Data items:
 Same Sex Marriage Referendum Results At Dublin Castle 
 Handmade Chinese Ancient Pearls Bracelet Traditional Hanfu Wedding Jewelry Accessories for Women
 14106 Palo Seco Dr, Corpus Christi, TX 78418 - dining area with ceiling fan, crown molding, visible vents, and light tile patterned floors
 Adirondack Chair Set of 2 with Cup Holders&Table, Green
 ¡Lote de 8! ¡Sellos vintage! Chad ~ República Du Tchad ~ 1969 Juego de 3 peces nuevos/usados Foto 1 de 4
...
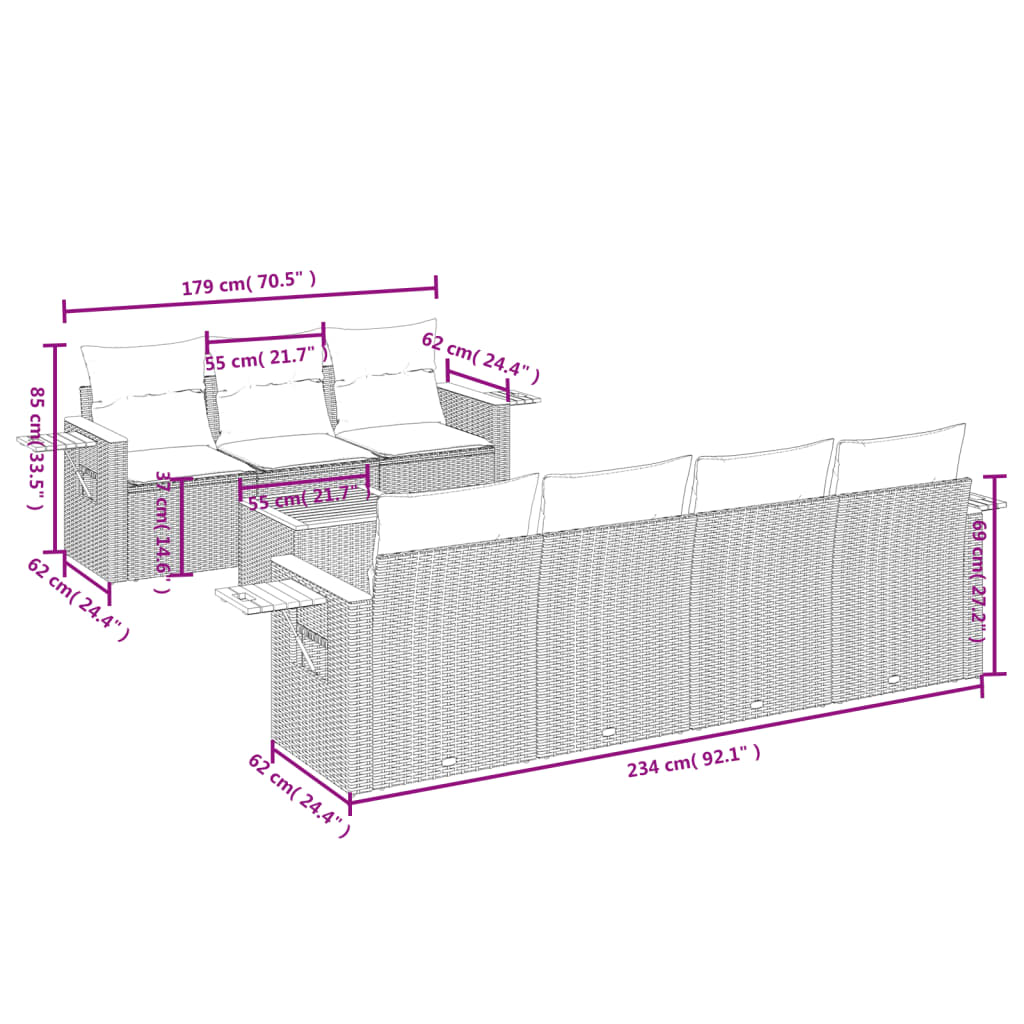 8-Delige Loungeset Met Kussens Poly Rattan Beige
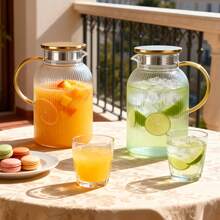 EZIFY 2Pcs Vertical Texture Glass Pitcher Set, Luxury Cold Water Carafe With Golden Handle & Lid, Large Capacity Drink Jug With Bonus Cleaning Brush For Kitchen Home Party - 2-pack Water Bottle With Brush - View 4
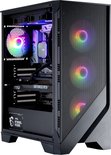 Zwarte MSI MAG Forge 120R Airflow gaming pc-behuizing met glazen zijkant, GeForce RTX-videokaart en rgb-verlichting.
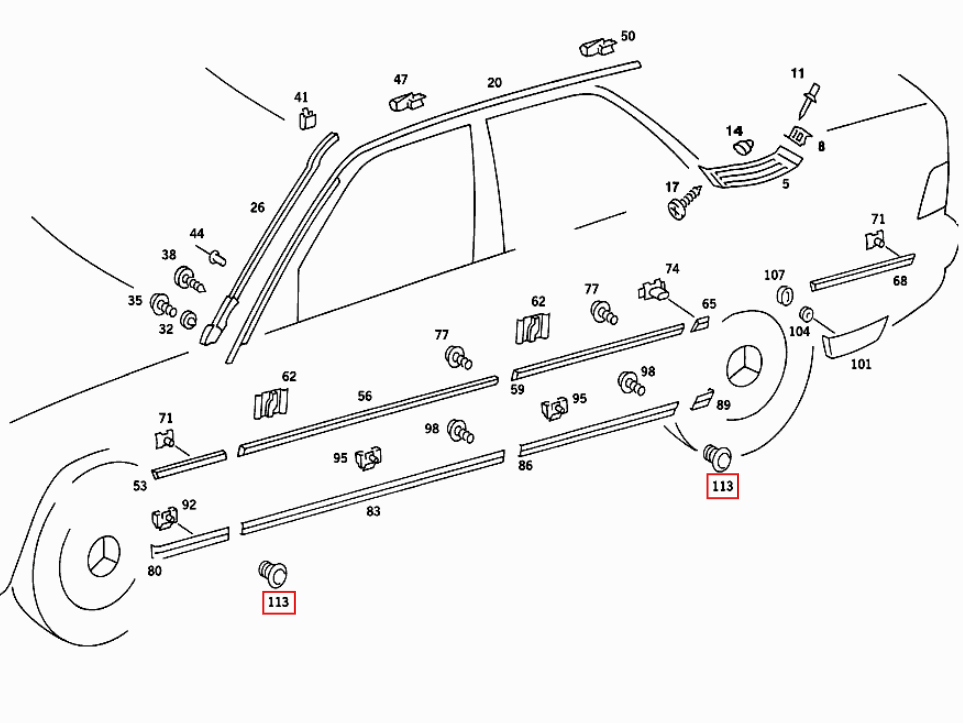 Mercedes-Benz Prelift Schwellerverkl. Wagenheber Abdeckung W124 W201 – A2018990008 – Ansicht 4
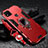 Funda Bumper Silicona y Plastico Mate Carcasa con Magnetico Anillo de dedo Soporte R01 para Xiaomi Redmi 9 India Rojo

→ **Task item**
The copy should hold only the lines from the one with "Mercedes-Benz Prelift Schwellerverkl." through the one with "Funda Bumper Silicona", exactly as they stand above. Leave out the pictures.

→ **Answer below**
 Mercedes-Benz Prelift Schwellerverkl. Wagenheber Abdeckung W124 W201 – A2018990008 – Ansicht 4
 Funda Bumper Silicona y Plastico Mate Carcasa con Magnetico Anillo de dedo Soporte R01 para Xiaomi Redmi 9 India Rojo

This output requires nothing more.